The performance of Transformer models in various tasks is often limited by their restricted context window, a result of the quadratic complexity arising from the self-attention module. This limitation becomes particularly critical in scenarios where attending to distant tokens is essential, such as in code knowledge bases or tools like GitHub Copilot, and even in audio, and video generation.
The Memorizing Transformer addresses this issue by introducing a memory component that stores previously computed keys and values. This approach allows the model to extend beyond the current window or chunk, providing access to a broader, more relevant context. This is crucial because the core idea of attention is to selectively focus on relevant information. Not all previous tokens are pertinent, and it's inefficient to compute attention scores for all of them, especially when computational resources and time are limited.
Specifically, the Memorizing Transformer introduces a kNN (k-Nearest Neighbors) augmented attention layer. This layer functions by storing all previous key-value pairs in an external non-differentiable memory. This setup enables the model to access a broader range of contextual information, allowing it to selectively attend to the most relevant information from this external memory.

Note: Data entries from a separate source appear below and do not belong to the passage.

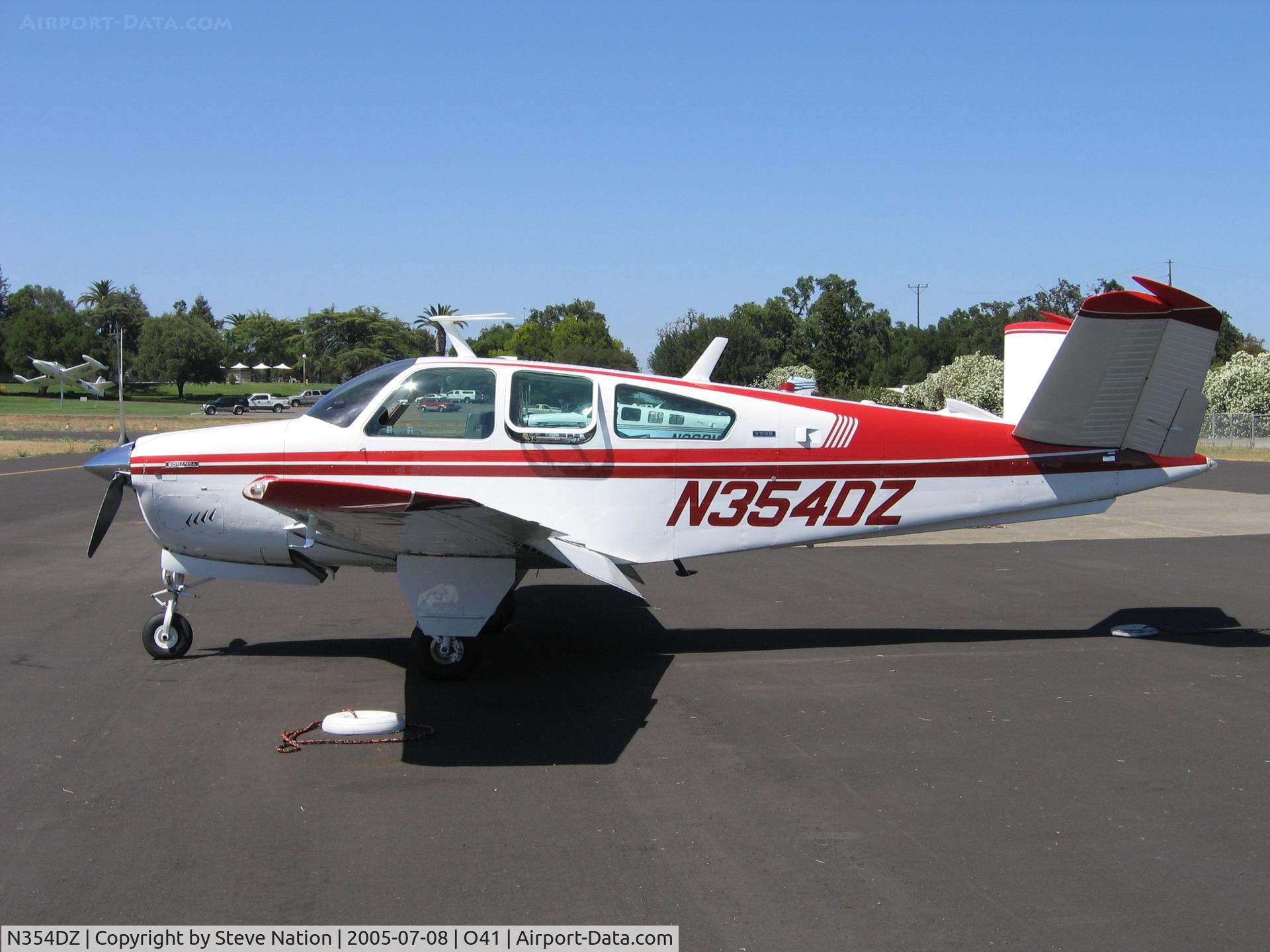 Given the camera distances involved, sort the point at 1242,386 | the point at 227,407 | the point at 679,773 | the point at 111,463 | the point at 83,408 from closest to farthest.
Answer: the point at 679,773 < the point at 111,463 < the point at 1242,386 < the point at 83,408 < the point at 227,407

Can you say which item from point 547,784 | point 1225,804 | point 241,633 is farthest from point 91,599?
point 1225,804

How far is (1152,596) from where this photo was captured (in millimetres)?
10047

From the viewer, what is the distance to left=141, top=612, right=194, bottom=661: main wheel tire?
24.7ft

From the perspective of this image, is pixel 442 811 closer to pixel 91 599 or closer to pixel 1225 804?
pixel 1225 804

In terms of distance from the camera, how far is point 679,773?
211 inches

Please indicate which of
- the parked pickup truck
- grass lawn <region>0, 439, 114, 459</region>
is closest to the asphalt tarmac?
grass lawn <region>0, 439, 114, 459</region>

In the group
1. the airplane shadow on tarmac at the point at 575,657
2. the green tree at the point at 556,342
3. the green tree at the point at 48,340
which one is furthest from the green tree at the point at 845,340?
the green tree at the point at 48,340

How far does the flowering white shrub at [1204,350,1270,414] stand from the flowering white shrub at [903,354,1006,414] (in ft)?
29.1

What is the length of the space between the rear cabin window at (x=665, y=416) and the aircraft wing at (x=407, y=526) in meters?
0.95

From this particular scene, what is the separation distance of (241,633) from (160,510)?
1.60 meters

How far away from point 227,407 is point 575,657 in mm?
69757

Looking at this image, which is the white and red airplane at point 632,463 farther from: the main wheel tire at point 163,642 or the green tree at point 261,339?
the green tree at point 261,339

More specifically, A 12-layer, decoder-only Transformer was utilized. The memory mechanism was applied exclusively to a single layer; more precisely, k = 32 was employed. Furthermore, the 9th layer was designated as the kNN-augmented attention layer.

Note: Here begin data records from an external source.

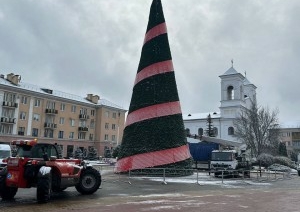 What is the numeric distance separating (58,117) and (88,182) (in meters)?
53.5

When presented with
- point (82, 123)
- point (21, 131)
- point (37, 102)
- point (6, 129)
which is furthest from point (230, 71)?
point (6, 129)

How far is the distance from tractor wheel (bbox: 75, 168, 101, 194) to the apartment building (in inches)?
1835

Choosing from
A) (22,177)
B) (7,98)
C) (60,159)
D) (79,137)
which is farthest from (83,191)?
(79,137)

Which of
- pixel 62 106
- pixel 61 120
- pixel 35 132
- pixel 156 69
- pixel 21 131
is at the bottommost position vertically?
pixel 21 131

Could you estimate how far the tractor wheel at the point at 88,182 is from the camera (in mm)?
13798

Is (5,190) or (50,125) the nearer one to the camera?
(5,190)

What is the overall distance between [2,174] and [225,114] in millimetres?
71829

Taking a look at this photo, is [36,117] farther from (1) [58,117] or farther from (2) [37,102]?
(1) [58,117]

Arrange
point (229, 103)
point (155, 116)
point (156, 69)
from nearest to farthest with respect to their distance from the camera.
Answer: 1. point (155, 116)
2. point (156, 69)
3. point (229, 103)

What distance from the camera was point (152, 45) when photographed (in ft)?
84.2

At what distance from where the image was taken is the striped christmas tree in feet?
77.4

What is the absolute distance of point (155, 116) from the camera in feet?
79.4

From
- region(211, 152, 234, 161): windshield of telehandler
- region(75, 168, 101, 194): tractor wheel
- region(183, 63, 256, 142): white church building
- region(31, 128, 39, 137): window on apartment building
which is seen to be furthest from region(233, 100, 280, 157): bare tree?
region(75, 168, 101, 194): tractor wheel

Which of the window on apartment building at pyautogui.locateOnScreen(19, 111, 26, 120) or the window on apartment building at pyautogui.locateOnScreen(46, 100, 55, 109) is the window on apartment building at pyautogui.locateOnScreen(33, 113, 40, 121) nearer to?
the window on apartment building at pyautogui.locateOnScreen(19, 111, 26, 120)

The Memorizing Transformer calculates contextual projections for each token in two distinct ways:
After computing these two sets of hidden states or representations, the Memorizing Transformer integrates them using a learned gating mechanism. This mechanism involves a bias term that is learned for each attention head. Therefore, if the model has 10 attention heads, there will be 10 distinct gates.
Each gate effectively combines the results from attending to the external memory with those from attending to the local context. This integration produces the final output of the kNN-augmented attention layer as follows:
$$ g = \sigma(b_g), \quad V_a = V_m \odot g + V_c \odot (1 - g)$$
Where \(V_m \) is the outcome of attending to external memory, and \(V_c \) is the result of attending to the local context, \(b_g\) is the learned per-head bias and \(V_a \) is the combined result.

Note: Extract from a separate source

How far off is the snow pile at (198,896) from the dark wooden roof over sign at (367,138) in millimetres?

This approach enables the Memorizing Transformer to effectively manage larger contexts, thereby significantly improving its performance on tasks that require an understanding of long-term dependencies and extensive context awareness.
Unlimiformer is similar to Memory Transformers. It augments existing pretrained encoder-decoder transformers to manage inputs of unlimited length. This enhancement is realized by delegating the cross-attention computation to a singular kNN index.
In this approach, each attention head within every decoder layer retrieves its top-k keys from this index, thereby avoiding the need to attend to every key in the input. In essence, it circumvents processing all of the encoder’s top-layer hidden states.
For lengthy inputs exceeding the model's context window capacity, the data is segmented and fed to the encoder in chunks. Subsequently, only the central half of the encoded vectors from each segment is retained. This strategy ensures that the encodings possess adequate context on both sides. Furthermore, the encoded inputs are indexed in a kNN index, utilizing a library such as FAISS for efficient similarity search.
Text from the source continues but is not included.